Monday, 26 October 2009

New cycle paths in Cambridge ?

Some new cycle paths are being planned in Cambridge. Good news, you might think. I took a look. Amongst them are a path from Milton to Impington which ought to provide a good route for school children. It's about 1.2 miles or 2 km. A very small distance by the standards of how far Dutch children routinely cycle to secondary school.

I first knew about this as a result of the Cambridge paper being in uproar about how the improved path might mean the end of the school bus by which children currently make this journey. Back when we lived there, I found that a lot of parents were quite against there being an improved cycle route in this direction specifically because they feared the end of the school bus. Who needs a bus to travel such a short distance ?

When you read the plans on the council's website you discover that the parents fears are at least in part justified. What is being proposed is not nearly good enough. It's to be merely a 2.5 m wide path shared by pedestrians and cyclists travelling in both directions, and separated from a road with a 100 km/h (60 mph) speed limit by just half a metre. That's an inadequate gap to provide subjective safety with motor vehicles travelling at such speed so close by.

What's more, the proposed path doesn't actually reach the obvious destination, Impington Village College, which is another half a mile into Impington, around a few blind corners on the road. I had a couple of scary incidents myself in that location, with drivers coming in the opposite direction driving too fast on the wrong side of the road around corners. Is this going to be a popular route for people to send their children on ?

For a bit of perspective, our local standards (Assen now, not Cambridge) call for 2.5 m in each direction for cyclists + additional space for pedestrians, a 2.5 m gap between the path and the road, and that our local speed limits on similar country roads are 60 km/h (37 mph). It is quite normal for children here to cycle 20 km in each direction to get to their choice of secondary school and they can always do so in safe conditions. In fact, I made a video to illustrate a school run from a village into the city.

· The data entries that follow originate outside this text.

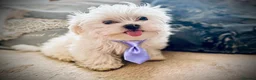 Maltese dogs for sale: 🌟  KC Registered Maltese Puppies Ready 🌟 - Advert 14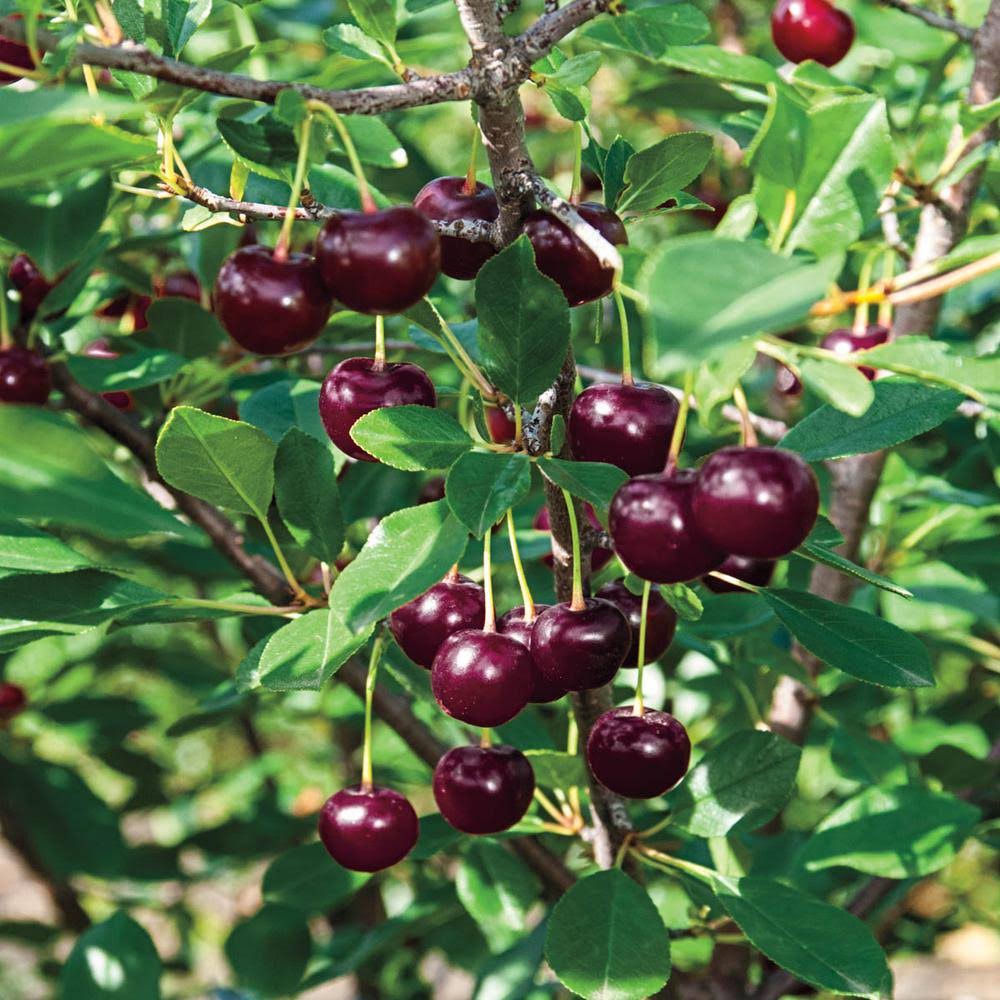 Gurney&s 4 in. Pot Juliet Dwarf Bush Cherry Prunus, Live Fruiting Tree (1-Pack) - Image 3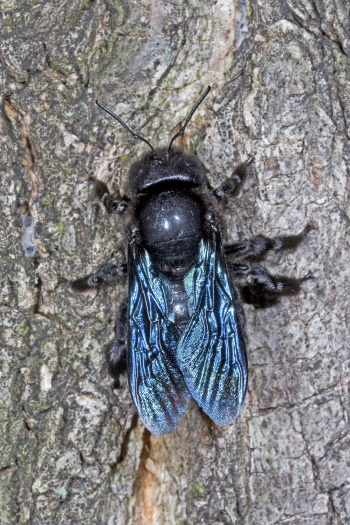 Die Große Blaue Holzbiene oder auch Blauschwarze Holzbiene (Bild: Naturfoto - Frank Hecker)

The bridge in the photo is at one end of the proposed Milton - Impington path. I'm still waiting to hear what they will do about this existing pedestrian only bridge over the A10 which is on the proposed route. The photo above was taken back in 2005 when we still lived in Cambridge. The bridge was already falling apart.

5 comments:

David Earl said...

The answer (to the question about the bridge) is: nothing. The reason is that Milton Parish Council object to an at grade crossing as part of the existing traffic signals, which is the obvious, cheap and easy solution. This bridge not only would serve the new cycleway but already links the Park and Ride site at Milton with the village (and would be ideally located to serve the village by bike were it not for this bridge).

The Parish Council objects, apparently over the heads of many residents, because of the school bus issue.

I think 2.5m is OK here: certainly much better than what's gone before. You get much wider standards now because of level of use. It's chicken and egg, and it's taken the Netherlands and Assen decades to get to where it is now, in a cycle of building up numbers, and improving infrastructure.

There is a more serious problem (apart from the bridge) in that it doesn't address the last 400m to Impington Village College through Impington village at the west end of the route.

Frits B said...

" it's taken the Netherlands and Assen decades to get to where it is now ..": when the wheel already has been invented so to speak, you needn't do it all over again. What is wrong with learning from other people's experience?

David Hembrow said...

David: It's a shame about the bridge. It always was inadequate, and the railings at either end rather dangerous (though this person looks quite happy about them).

The problem with the 2.5 m width, the lack of adequate separation from the road, the high speed limit on the road itself, the path not actually reaching its destination, the inadequate bridge and the lack of lighting (I'm assuming a lack of lighting as it would be unprecedented in Cambridge if it was properly lit) is that all these things together set the path up to fail.

It's a classic example of something spoiled by spending just a little bit too little. This won't be the start of a new dawn of quality provision, but yet another thing that serious cyclists avoid, drivers complain about cyclists not using, and parents don't want their children to ride to school on.

As for the "decades" excuse. I've a blog post lined up for a few days time which addresses this. A summary could be "You've got to start at some point." The Dutch made a proper start. That's how they achieved something.

Frits to right to ask why Britain is trying to re-invent the wheel when the experiments have all already been done and what works is so well known.

Tim Steele said...

The photo David Hembrow refers to is me, and as you can see from the comment I'm complaining about the inadequate gap. The barricade has since been removed as part of the Park & Ride works.

I entirely agree with David Earl that an at grade crossing is the obvious solution.

The school bus causes much upset in the village as it's used as a reason to oppose any form of road safety improvement.

Unknown said...

That bridge represents a shocking lack of permeability and has done for at least 20 years (when was the road blocked?). It's quite astonishing to me that anyone could still be arguing against road-level access here. The shared-use route is neither here nor there; wanting to get from Butt lane into Milton without going miles round is just normal. I remember being astonished when I first came across the blocked road back around 1988, and it's still the same.